■ WHAT TO PRODUCE
Below are the records; extract from them the line containing "Bosch | Stacking" to the line containing "Double Lace Sleeveless (6color)", both lines included, exactly and with no pictures.

■ DATASET EXCERPTS
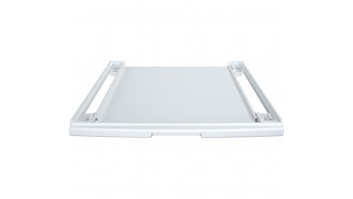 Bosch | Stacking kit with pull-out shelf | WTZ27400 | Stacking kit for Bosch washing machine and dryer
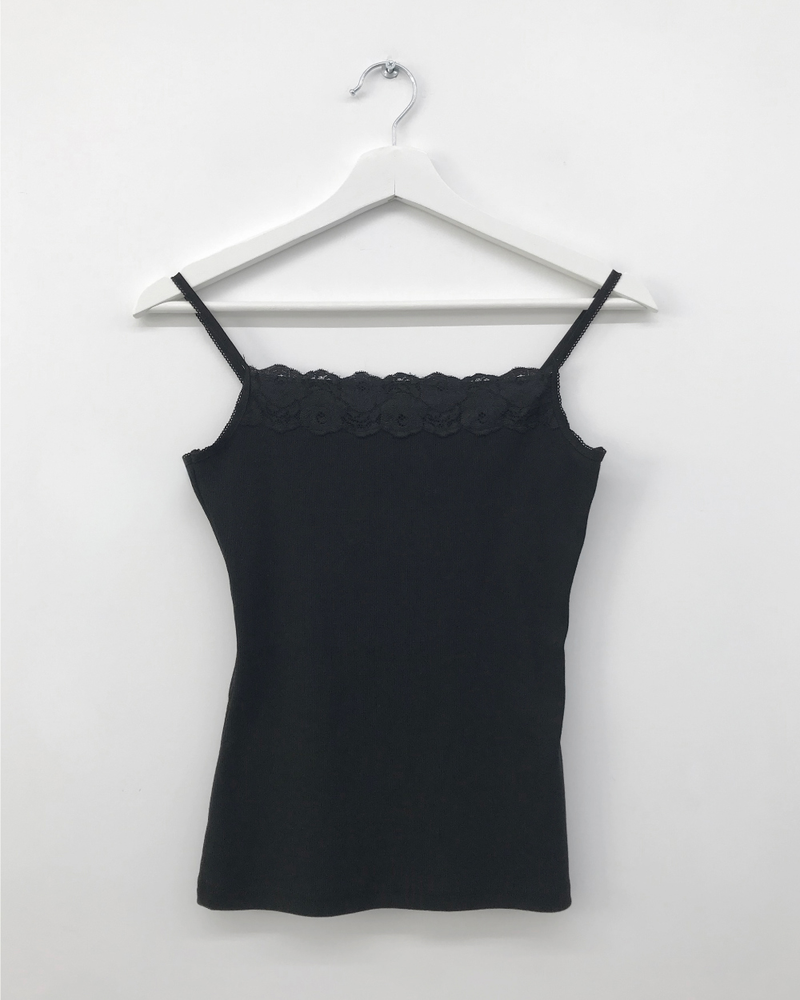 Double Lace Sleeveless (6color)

==

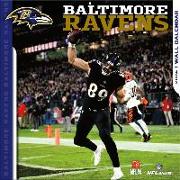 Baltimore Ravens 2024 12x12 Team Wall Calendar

■ RESPONSE TO THE TASK
 Bosch | Stacking kit with pull-out shelf | WTZ27400 | Stacking kit for Bosch washing machine and dryer
 Double Lace Sleeveless (6color)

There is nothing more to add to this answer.